Dear Mom,
First, let me say sorry. Sorry for driving you crazy all those years that I insisted on being boy crazy. I am sorry I caused fights between us because I was in love with every boy I met. I hate those years, the ones when I didn’t think of you as a friend.
I hate looking back on those years. Those were the years I saw you as a crazy strict mom and not my best friend. I didn’t understand that life wasn’t all about boys. I was so obsessed with the idea of being in love and being loved by some silly boy that I forgot to form a friendship with you.
It took years for me to realize that you were only trying to protect me. It took me all those years to realize you were trying to protect me from getting hurt. You didn’t want some silly 8th-grade boy to break my heart so young. You also were just trying to protect me from embarrassing myself, which I did a lot. You had my best interest in mind the whole time.

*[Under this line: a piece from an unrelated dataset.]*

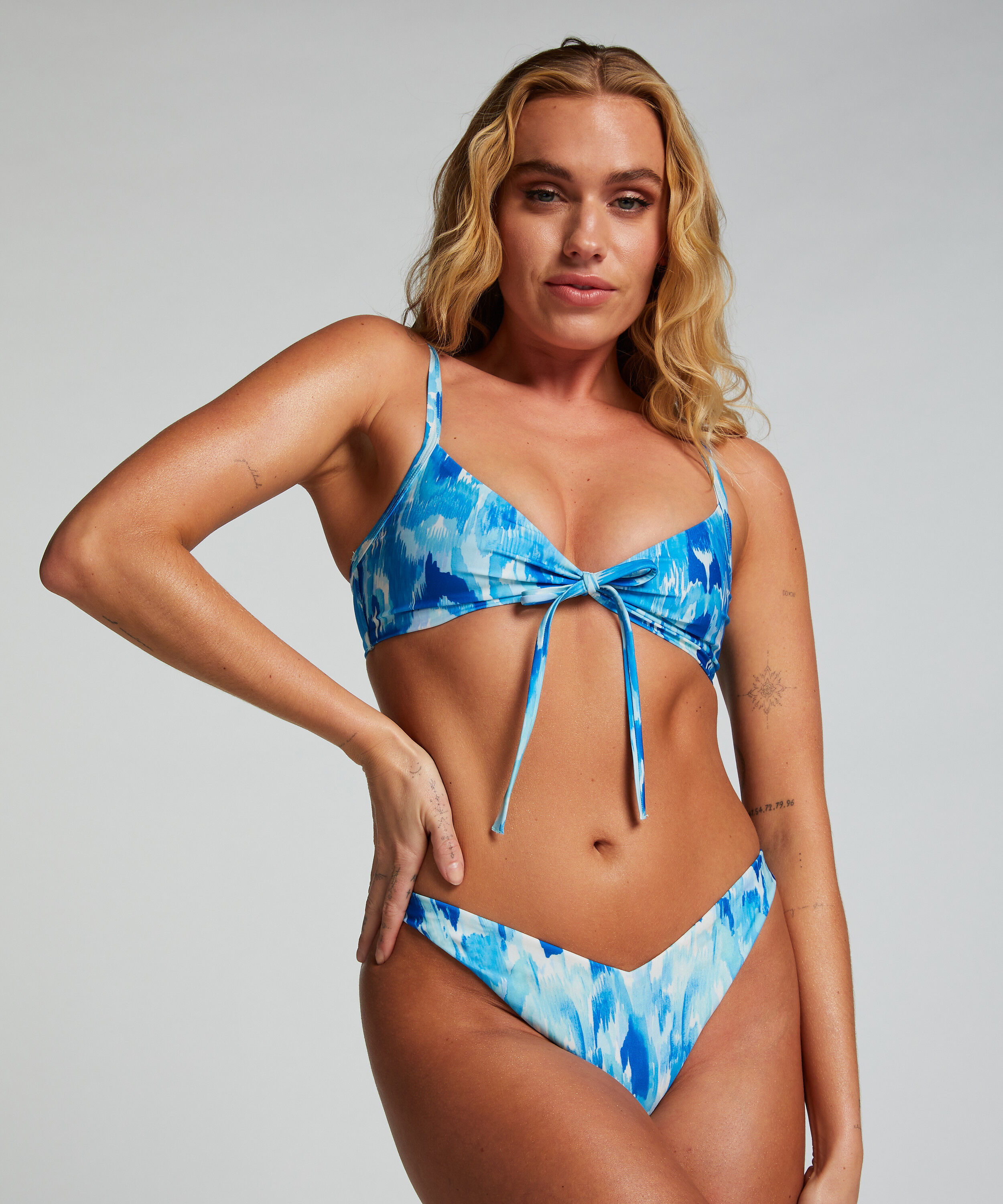 Høykuttet Bikini Underdel Paraguay, Blå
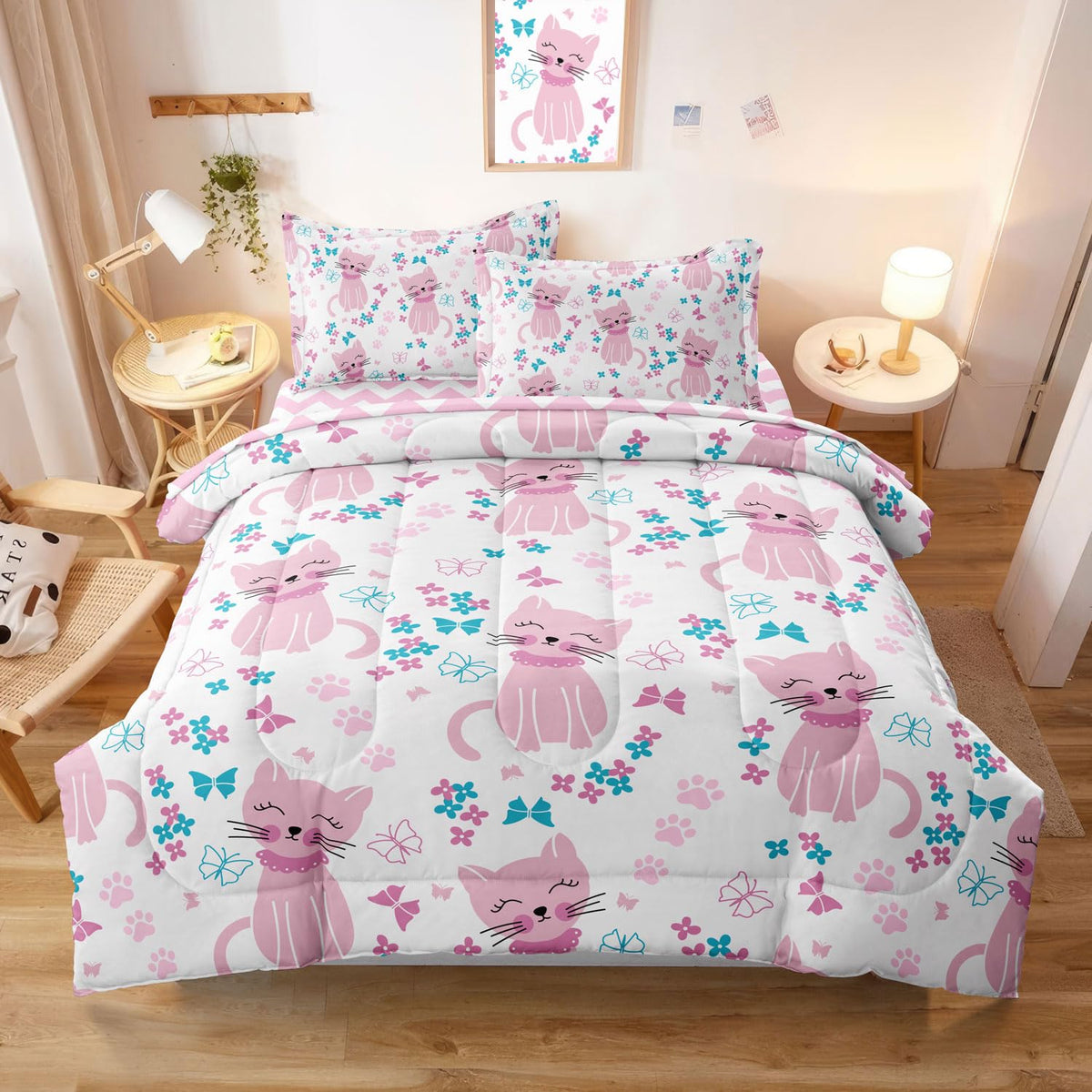 Kids Girls Princess Comforter Set, Twin Size, Pink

I hated you for not letting me go to the roller skating rink on Friday nights. I hated that you didn’t let me go to those middle school dances. And I hated it even more when you did let me go to the skating rink, but you sat and watched me the whole time. I didn’t understand that you were only trying to keep me from making bad choices. I just thought you were over reacting and being crazy, but now that I am on my own at college, I realize you were trying to teach me a lesson. You were trying to teach me to be independent and strong. You were trying to teach me that I don’t need some silly boy to take care of me. You were also trying to teach me to be mysterious and to let the boys come to me.
You were just trying to take care of me. So let me finish by saying thank you. Thank you for protecting me and teaching me. Thank you for showing me that I don’t need some silly boy to make me happy. Lastly, thank you for being my best friend and loving me even when I drove you crazy.